Mattatrice assoluta anche fuori dal set, la diva si è regalata generosamente ai suoi estimatori che l’hanno accolta con una lunga standing ovation, la seconda dopo quella commovente alla cerimonia di apertura.

Ha esordito dicendo che non si sarebbe mai aspettata di provare così tanta emozione la sera prima. «Ho sentito il potente sentimento che veniva dal pubblico». Riguardo al cinema europeo si è detta dispiaciuta di essere troppo in là con gli anni per recuperare tutti i grandi film stranieri che si è sempre ripromessa di guardare. Per lei «i film non sono mai abbastanza, perché contribuiscono alla nostra crescita non solo da bambini, ma anche da adulti».

La prima volta e unica volta precedente a Cannes fu trentacinque anni fa con “Un grido nella notte”, film che le valse il premio come migliore attrice. Racconta che all’epoca le assegnarono ben nove guardie del corpo, malgrado lei sostenesse che ne sarebbe bastata una; ebbene, una volta al Festival, di fronte al muro di folla che si dimenava, si rese conto che ne sarebbero servite molte di più. «Ero fisicamente terrorizzata. Non sono mica una rockstar; non dico che la mia vita sia noiosa ma a casa mi trattano decisamente in un altro modo».

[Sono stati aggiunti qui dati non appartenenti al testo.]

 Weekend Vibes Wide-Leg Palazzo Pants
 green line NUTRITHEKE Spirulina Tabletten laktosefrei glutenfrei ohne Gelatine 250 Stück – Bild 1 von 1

Tra gli aneddoti, gustoso quello relativo al primo Oscar, per il film “Kramer contro Kramer”; lo perse addirittura in giro la sera stessa della premiazione. «Avevo un abito enorme da gestire», si giustifica sorridendo.

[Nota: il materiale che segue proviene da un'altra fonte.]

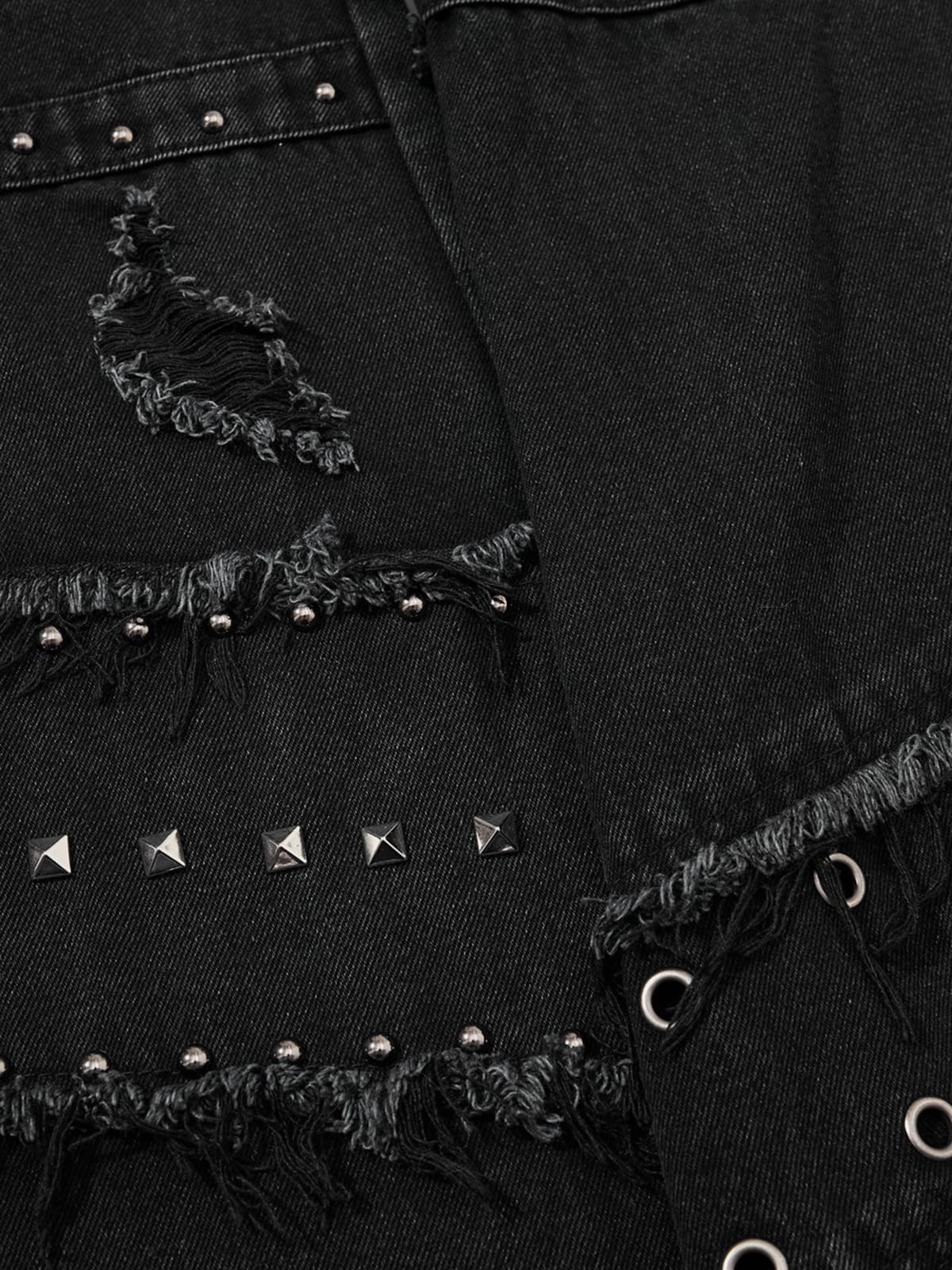 Aelfric Eden Studded Distressed Bootcut Jeans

Nel ricordare il film “La mia Africa”, mima sull’intervistatore lo shampoo sexy che le fece Robert Redford; «è una cosa molto intima, se ci pensate». Anche se sullo stesso set si trovò a recitare con una presenza inaspettata: un grosso insetto le si era intrufolato sulla schiena e le era poi stato schiacciato addosso a fine ripresa.

Continuando la carrellata su una carriera ineguagliabile, forte di 21 nomination all’Oscar e tre statuette vinte, Streep si sofferma su una cosa che tutti le riconoscono: nessuno domina gli accenti come lei. Racconta in proposito che il figlio la prende in giro e se deve passarle una telefonata dall’India la informa di attivare l’accento indiano.

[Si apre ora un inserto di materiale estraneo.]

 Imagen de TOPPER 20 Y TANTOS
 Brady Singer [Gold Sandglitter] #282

L'attrice prosegue rammentando film lontani nel tempo e ancora legittimamente osannati come “La scelta di Sophie”, passando per “The Iron Lady” che la intrigava perché la Thatcher del film era una donna di potere al tramonto e con una forte dicotomia tra l’amabilità interiore e l’apparenza severa, per approdare al titolo Netflix “Don’t Look Up” in cui veste i panni di Presidente degli Stati Uniti d’America; di quest’ultimo apprezza il veicolare messaggi seri attraverso lo sberleffo.

Ritiene che cantare (come ha fatto in “Mamma mia”) venga dal cuore e lei ha sempre amato l’Opera, fin da bambina. «Le basi classiche, la scuola di recitazione, le tecniche e i metodi diversi: tutto confluisce in un grande bagaglio con tante tasche, ma una persona non riceve vero aiuto se non dalla sua capacità di osservare e di mettersi a disposizione del mestiere senza protezione».

Dei ruoli ammette che «c’è sempre una postura o un vezzo o una suggestione particolare con cui caratterizzare di volta in volta i personaggi, ma non si tratta di veri azzardi autogestiti né di seguire alla lettera cosa dica il regista; la chiave è che chi dirige permetta di trovare il personaggio per tentativi, se serve».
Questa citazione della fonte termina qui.